ABOUT THIS EXERCISE =>
In the records below, find the line holding "2015 Jeep Compass" and the line holding "David Kosse se". Set down both, with every line between them, exactly.

RECORDS FOR THE EXERCISE =>
= = = =
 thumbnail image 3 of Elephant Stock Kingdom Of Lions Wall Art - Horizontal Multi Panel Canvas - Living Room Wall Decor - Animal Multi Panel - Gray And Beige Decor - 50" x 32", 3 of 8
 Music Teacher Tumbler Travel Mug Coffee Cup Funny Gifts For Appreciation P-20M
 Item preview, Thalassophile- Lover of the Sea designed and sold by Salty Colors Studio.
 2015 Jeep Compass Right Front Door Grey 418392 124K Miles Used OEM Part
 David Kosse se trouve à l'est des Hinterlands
= = = =
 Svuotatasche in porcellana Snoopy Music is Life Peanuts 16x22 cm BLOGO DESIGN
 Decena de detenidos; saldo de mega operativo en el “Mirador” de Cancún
= = = =
OUTPUT FOR THIS EXERCISE =>
 2015 Jeep Compass Right Front Door Grey 418392 124K Miles Used OEM Part
 David Kosse se trouve à l'est des Hinterlands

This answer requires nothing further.